Pedro Bartolomé San Juan se sentía la persona más desdichada del puerto. Había sobrevivido a cinco guerras, numerosas peleas de taberna, una condena en prisión y tres epidemias... Pero nada comparable a haber perdido a un amigo que había sido como un padre para él: Fray Jonás, con el que había compartido muchas penurias.

Pedro Bartolomé se reunió con las monjas que cuidaron del fraile durante su edad más avanzada. Fueron ellas quienes le hicieron entrega del único legado del religioso: un viejo cofre cerrado a cal y canto.

Una vez en su casa, Pedro dejó el arca sobre la mesa y, con ayuda de numerosas herramientas, forzó la cerradura. Por unas horas había soñado con hacerse rico con su contenido. ¡Vaya sorpresa se llevó cuando, en el interior del cofre, solo halló unos viejos pergaminos, libros y hojas con el relato de los años que Jonás pasó en el frente de batalla, impartiendo los santos sacramentos a los soldados caídos! En un pliego aparte, se sorprendió al leer ciertas teorías acerca de la forma de la Tierra. El fraile aseguraba que era redonda, junto a otras muchas invenciones.

Decepcionado, se dirigió a la taberna.
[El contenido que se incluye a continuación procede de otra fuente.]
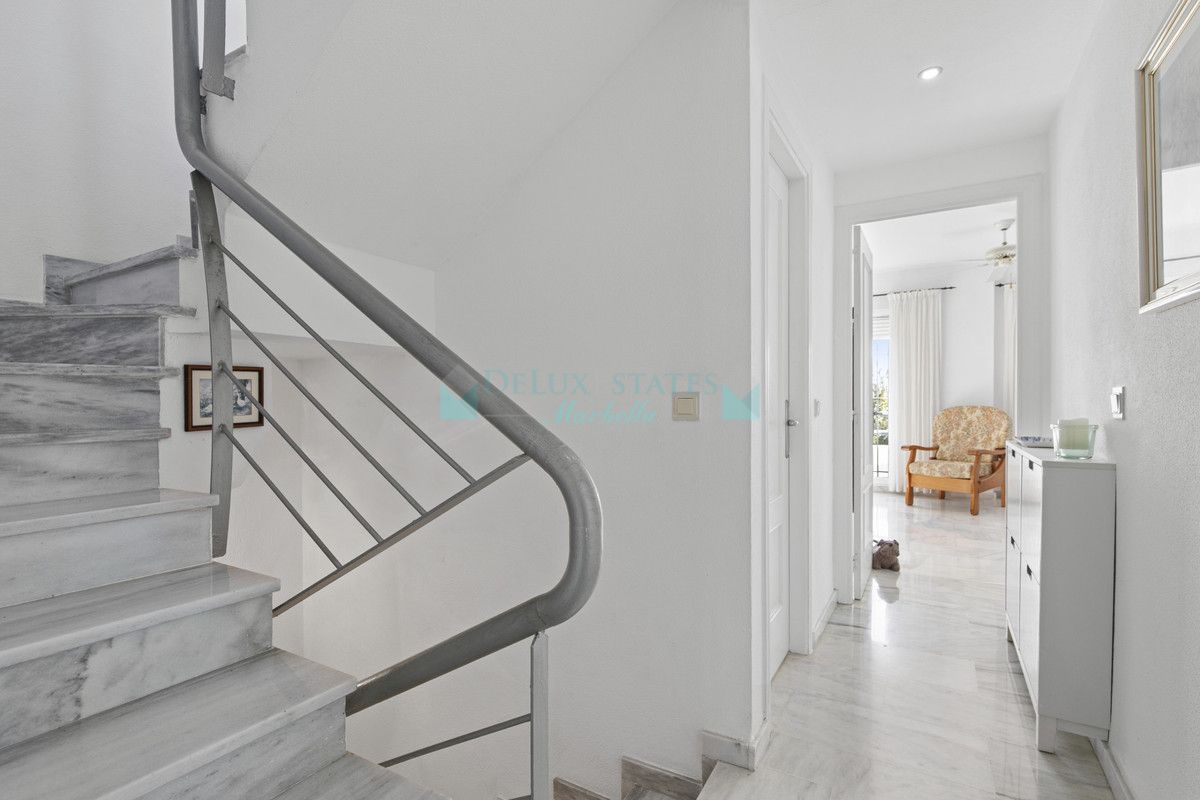 Town House for sale in Estepona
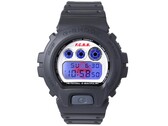 Casio G-Shock DW-6900 x F.C. Real Bristol, avec le rétroéclairage EL bleu allumé, révélant un logo Bristol rouge caché derrière l'écran numérique.
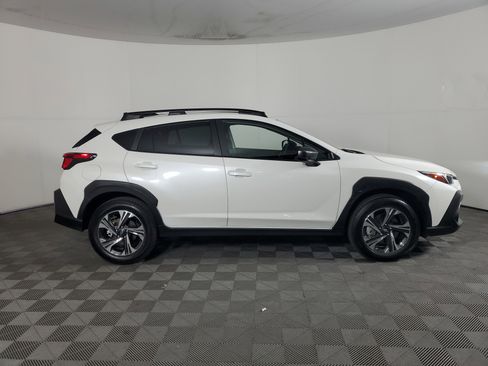 Used 2026 Subaru Crosstrek 2.0i Premium image 3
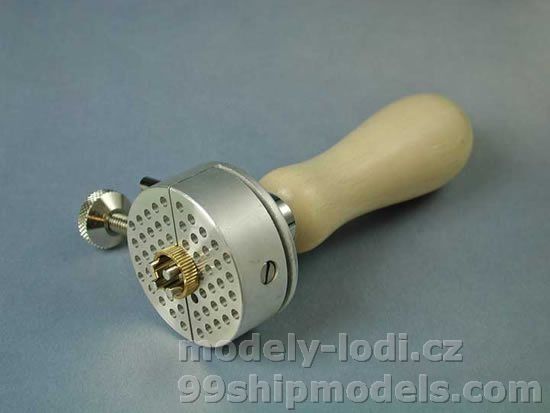 Modelářský držák drobných dílů Jotika - (modely-lodi.cz) Modelářský držák drobných dílů Jotika - (modely-lodi.cz)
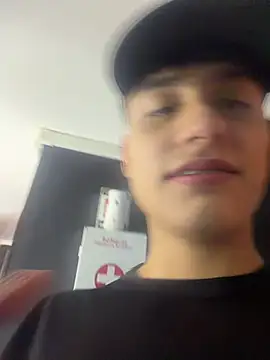 Snapshot of Lander_Cruz chatting on August 3, 2026, 8:15 pm Lander Cruz online show from August 3, 2026, 8:15 pm
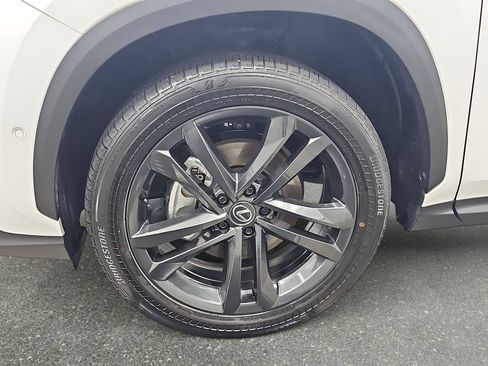 Used 2025 Lexus NX 450h+ AWD w/ Towing Package (2000 Lbs) image 34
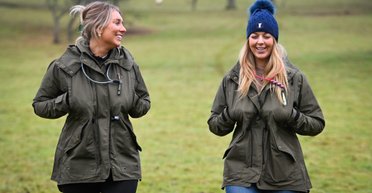 В моду возвращается любимая вещь миллениалов: это тренд зимы 2025 года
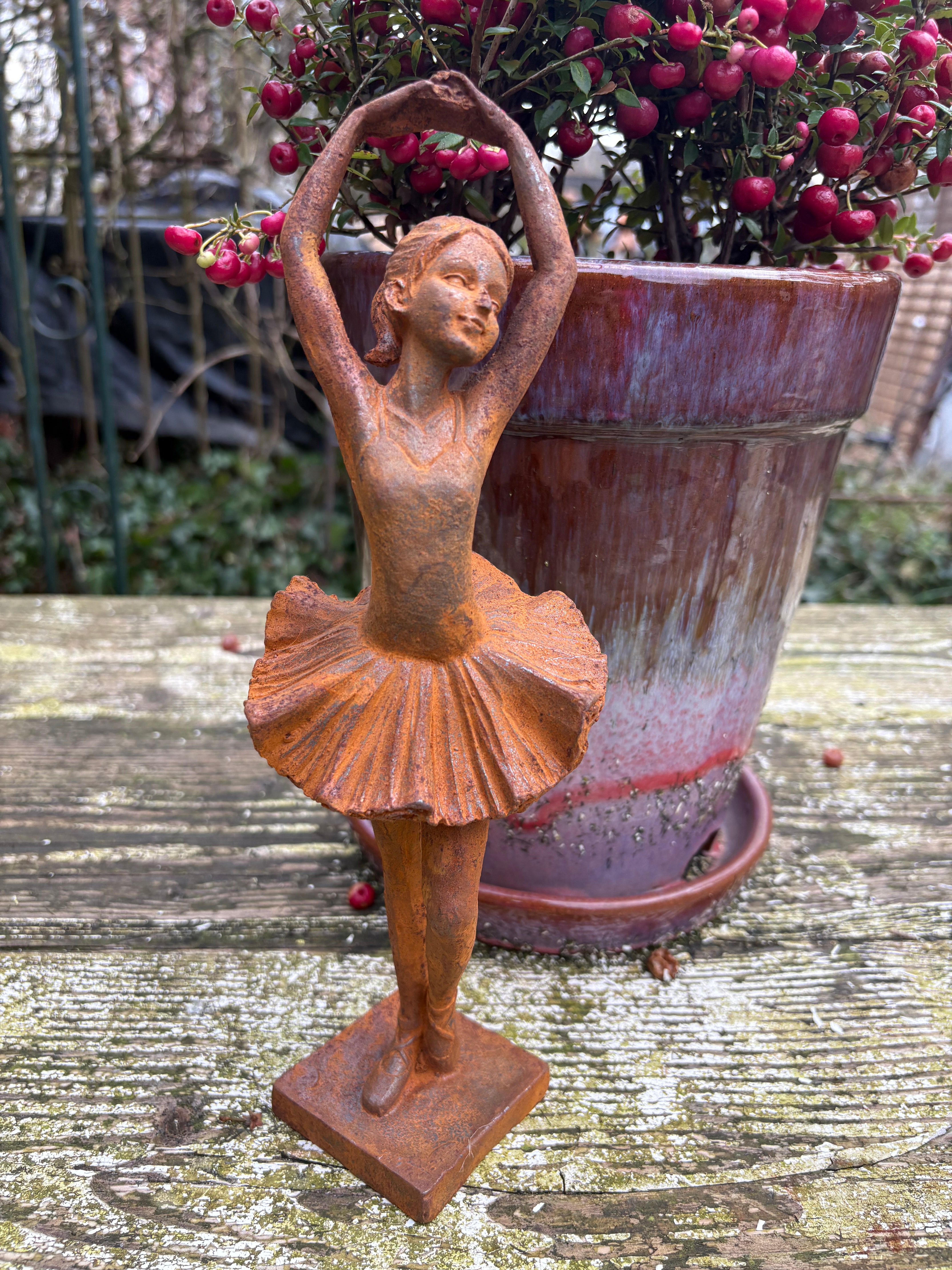 Ballerina in gietijzer handen omhoog klein - Brocante bij Ingie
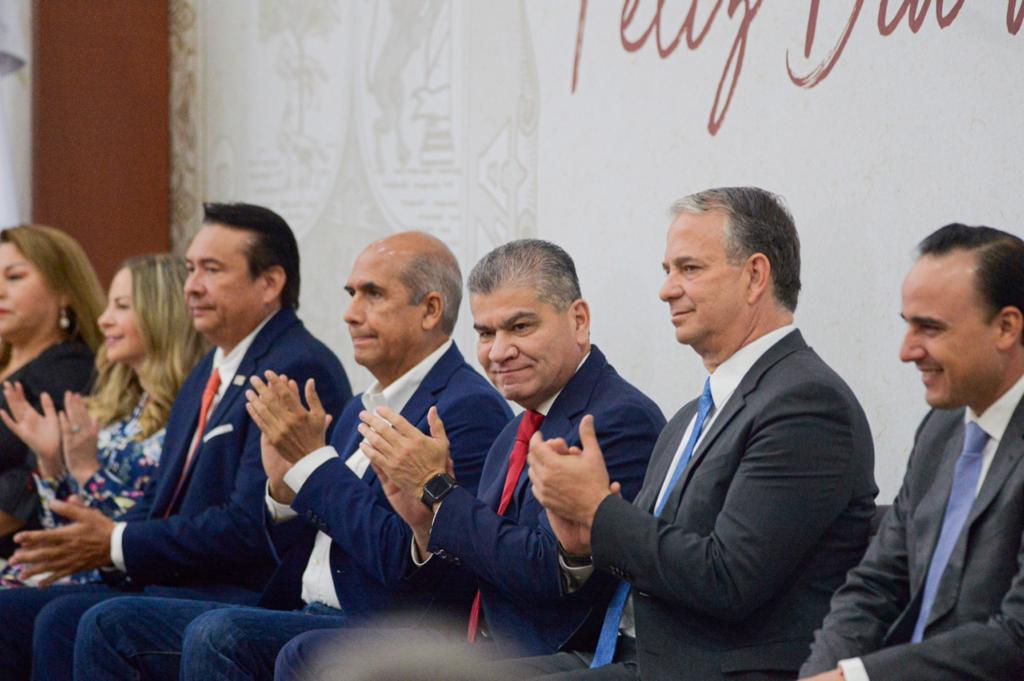 Entrega MARS Presea Magisterial a docentes del Centro, Carbonífera y Norte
Llevaba en el bolsillo un par de mapas que habían captado su atención. Un desconocido se sentó a su mesa. Pedro Bartolomé no tenía ánimos para una nueva pelea, así que decidió ignorarlo mientras se tomaba una jarra de vino.

Entre trago y trago abrió los mapas sobre el tablero. Fray Jonás los había traducido del griego original. Mientras los analizaba, iba cambiando su perspectiva acerca de la realidad. De hecho, terminó por convencerse de que aquella teoría sobre la redondez de la Tierra no era una locura. Incluso consideró en alta voz la eventualidad de navegar hasta rodear el planeta: partir de un puerto y, tras dar la vuelta a las aguas, atracar en la misma dársena.

El asombro y el alcohol le hicieron compartir con el extraño comensal toda la historia de su relación con el Fraile Jonás, así como el contenido del baúl que le había dejado en herencia. Aquel se le presentó como un almirante genovés, pero no pareció interesado ante aquellos argumentos acerca de la redondez del mundo.

—Compruébelo usted mismo —le sugirió Pedro, entregándole los pliegos.

Después de que analizara con detenimiento aquellos mapas, dijo:

—Le propongo un trato, señor Bartolomé. Estoy buscando dinero con el que financiar una nueva ruta para traer especias de la India a la Península. Si me acompaña, certificaremos que lo que dicen estas cartas de navegación es una suma de disparates.

—Lo peor que nos puede pasar es que muramos en altamar, en vez de aquí a causa de la peste. Pero… ¿Por qué debo confiar en usted? Nunca antes me he subido a un barco.

—Le doy mi palabra de que junto a mí viajará seguro.

—¿Cómo se llama?

—Cristóbal Colón.

Tres meses después, Pedro Bartolomé San Juan murió abandonado por el almirante Colón en una isla del Caribe. Como único legado, dejó una nota en una botella que comenzaba de esta manera: «El cielo estaba herido…».